We have followed the reviewer’s suggestions, for which we are thankful. More precisely, we now parametrize the non-linear function as y(x) = o + (1-|o|).cos(x) (ensuring that the function is normalized, such tht |y(x)|<=1 and y(-1)=-1 or y(1)=1). Next we took the weight w into account and plotted w.o as a function of w.(1-|o|). The term w.o represents the directionally-invariant component (we called it ‘offset’) and the term w.(1-|o|) represents the dynamic range (we called it ‘cosine tuning’).

c) It is not clear why the color-coded stacked bar plots are used in Figures 7B-D, and Figure 10C – here the color map is representing PD-angles, which presumably vary continuously, but they have been categorized unnecessarily – cumulative histograms, or at least a continuous color map, here could allow more direct comparisons across regions.

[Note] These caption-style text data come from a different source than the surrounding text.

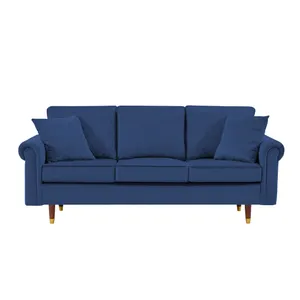 Bellemave Nội Thất Nhà Phong Cách Hiện đại 3 Chỗ Ngồi Sofa Linen Bọc Phòng Khách Thoải Mái Sofa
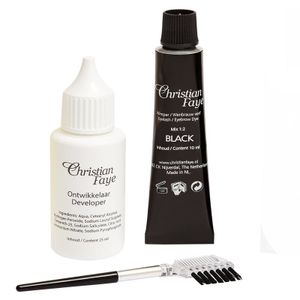 Eyebrow/eyelash dye black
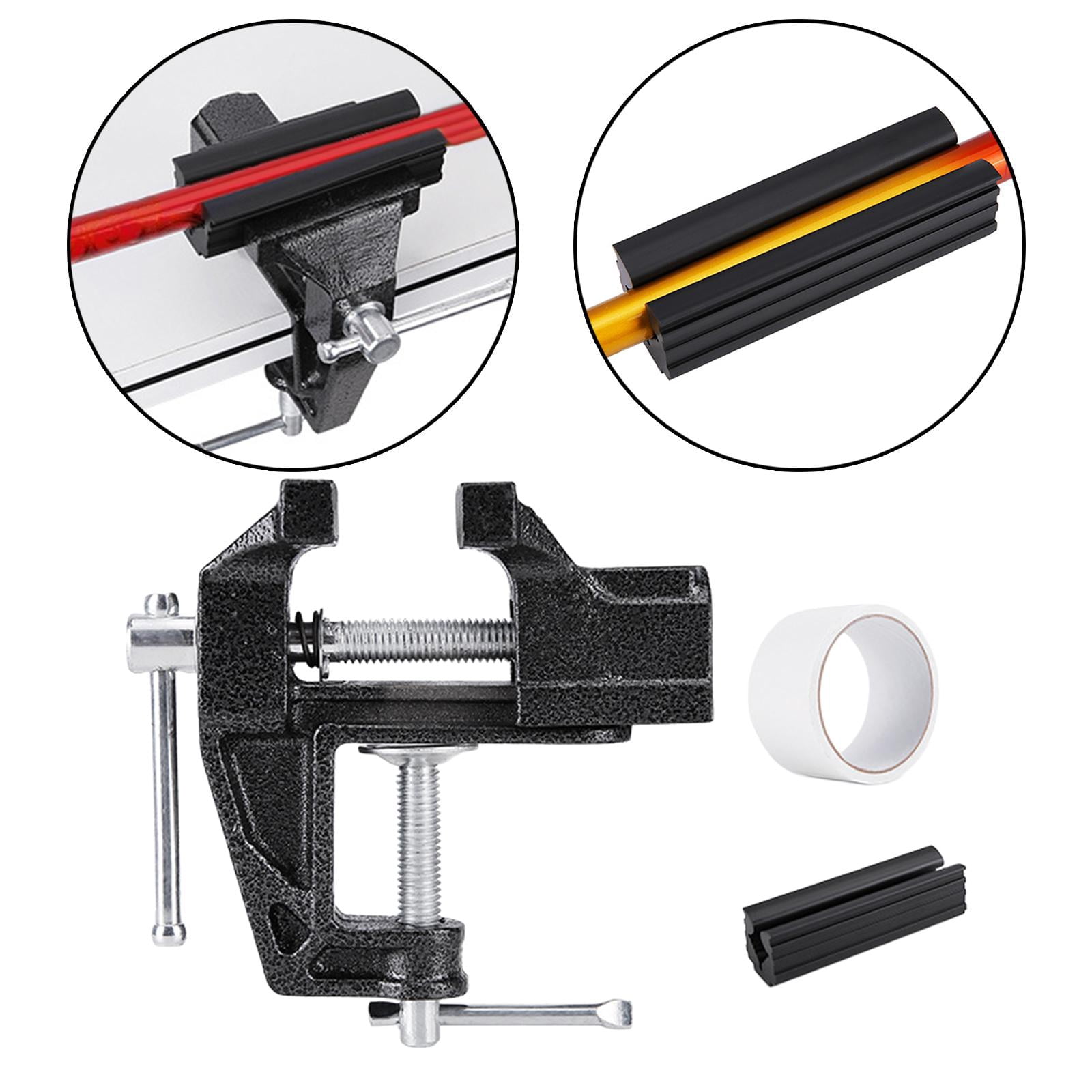 Dualoai Golf Club Grip Club Cover Removal Repairing Professional Set Vise Clamp Fixtures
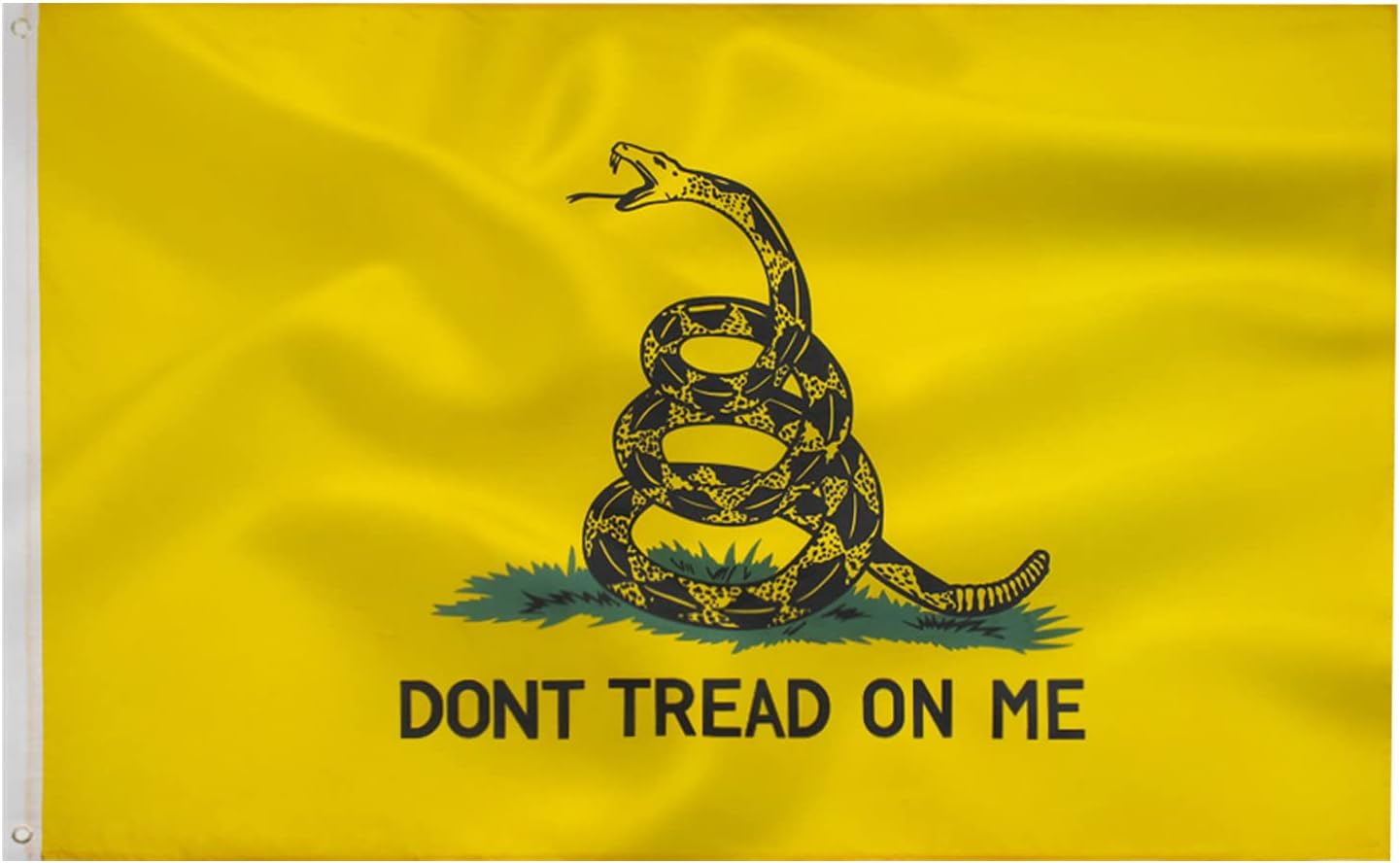 Bandera Gadsden 3x5ft poliéster doble costura ojales latón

We have introduced continuous color maps in these plots and also reversed the green and red colors (red colors are now indicating aligned PD).

4) The Discussion could be more enlightening:

General interest could be broadened by a brief comparison with other sensory systems

Why would the brain maintain such complicated representation of movement (a parameter and its two first derivatives or its integral, with unrelated preferred directions in many cases and non-linear spatial sensitivity to departure from preferred direction) across all brain areas, without further processing beyond the first synapse?

The last paragraph is obscure: what would be the relation between tilt/translation disambiguation and the mixtures of sensitivity described in the study?

Some of the big picture, clearly laid out in the Introduction, is lost in the Results and Discussion sections. For example, it would be useful for the authors to remind us of why we care about space time separability

We have tried to re-work and improve the Discussion. We rewrote the last paragraph to provide a clearer hypothesis about the role of non-linear encoding of motion, and referred to previous work of ‘mixed selectivity’ in the prefrontal and parietal cortex.